▼
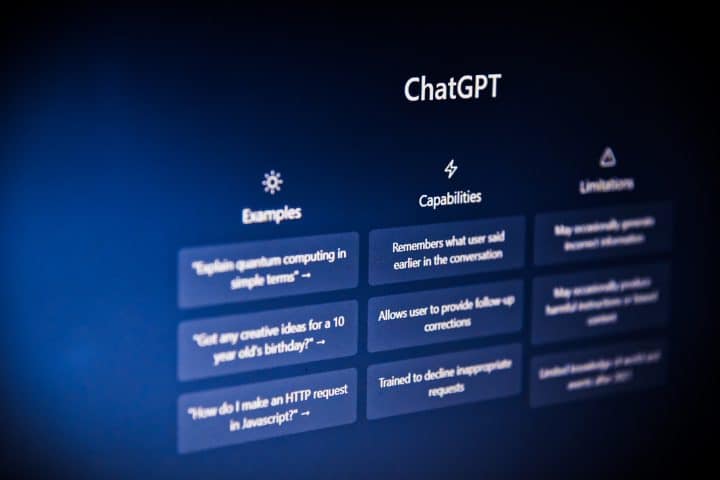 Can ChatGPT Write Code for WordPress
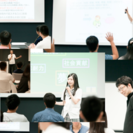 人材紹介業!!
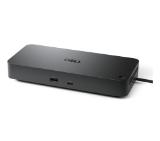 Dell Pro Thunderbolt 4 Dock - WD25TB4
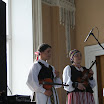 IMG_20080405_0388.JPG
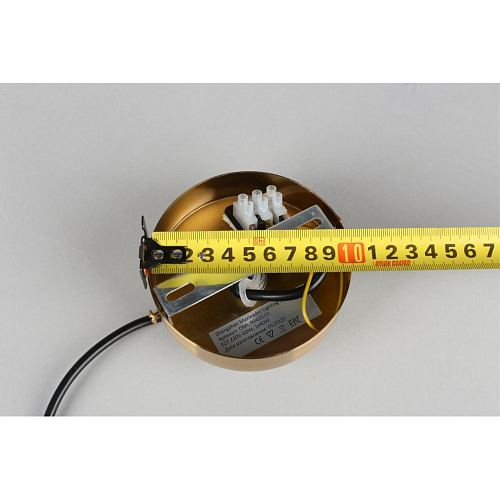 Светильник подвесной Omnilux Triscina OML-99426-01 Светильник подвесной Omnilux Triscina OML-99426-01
▲
▼
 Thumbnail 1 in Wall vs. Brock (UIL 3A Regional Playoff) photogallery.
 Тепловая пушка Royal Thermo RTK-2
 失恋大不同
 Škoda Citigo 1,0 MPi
▲
- _Your assignment_:
Above are records with pictures. Reproduce exactly only the lines from the line with "IMG_20080405_0388.JPG" through the line with "Светильник подвесной Omnilux Triscina OML-99426-01 Светильник", both ends included, and leave the pictures out.

- _Output for this exercise_:
 IMG_20080405_0388.JPG
 Светильник подвесной Omnilux Triscina OML-99426-01 Светильник подвесной Omnilux Triscina OML-99426-01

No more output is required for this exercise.